For purposes of this Section 10, shares of PNC common stock retained to satisfy applicable withholding tax requirements will be valued at their Fair Market Value on the date the tax withholding obligation arises.

PNC will not retain more than the number of shares sufficient to satisfy the minimum amount of taxes then required to be withheld in connection herewith after any cash portion of the amounts payable hereunder has already been withheld for such purpose. If Grantee desires to have an additional amount withheld above the required minimum, up to Grantee’s W-4 obligation if higher, and if PNC so permits, Grantee may elect to satisfy this additional withholding by payment of cash. If Grantee’s W-4 obligation does not exceed the required minimum withholding in connection herewith, no additional withholding may be made.

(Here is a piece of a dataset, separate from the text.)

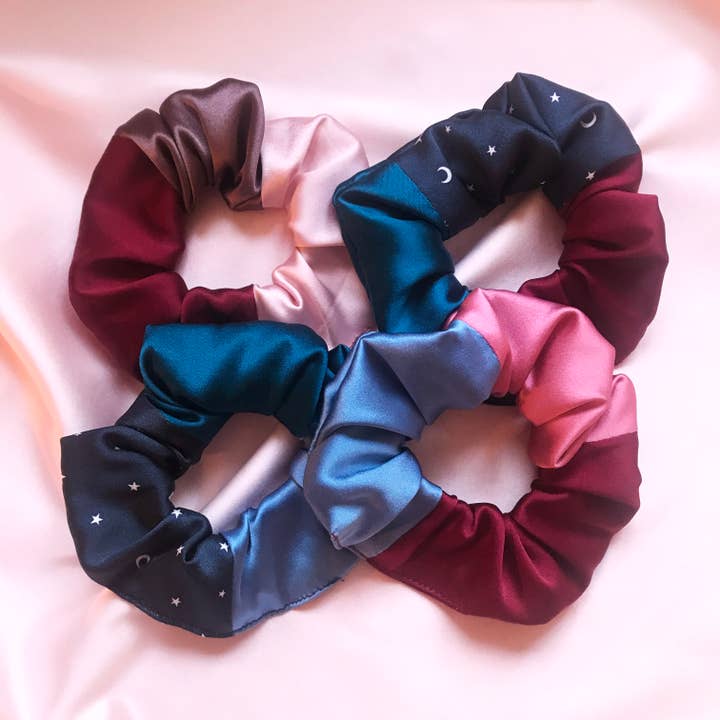 Mille Saisons – wholesale Scrunchie - Women’s – Colour Block Silk Scrunchies- Sewn in the UK5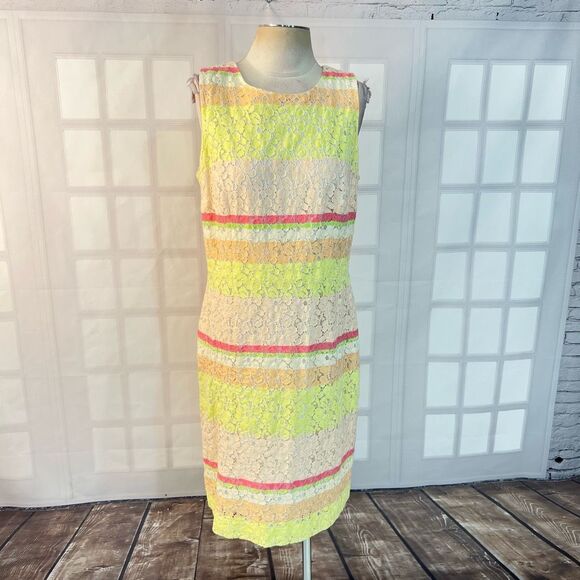 Ann Taylor Dresses & Skirts - 🔥🔥5 for $25🔥🔥Ann Taylor striped lace lightweight sleeveless sheath dress size 12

If any provision of the Agreement contravenes Section 409A of the Internal Revenue Code or any regulations or Treasury guidance promulgated thereunder, PNC shall reform such provision to maintain to the maximum extent practicable the original intent of the applicable provision without violating the provisions of Section 409A of the Internal Revenue Code, and shall take such other actions as may be necessary to preserve the economic result to Grantee as contemplated under this Agreement, provided that nothing herein shall limit any rights that Grantee may have to a Section 409A gross-up under his Employment Letter Agreement.

11. Employment. Neither the granting of the Restricted Share Units with Dividend Equivalents nor any term or provision of the Agreement shall constitute or be evidence of any understanding, expressed or implied, on the part of PNC or any subsidiary to employ Grantee for any period or in any way alter Grantee’s status as an employee at will.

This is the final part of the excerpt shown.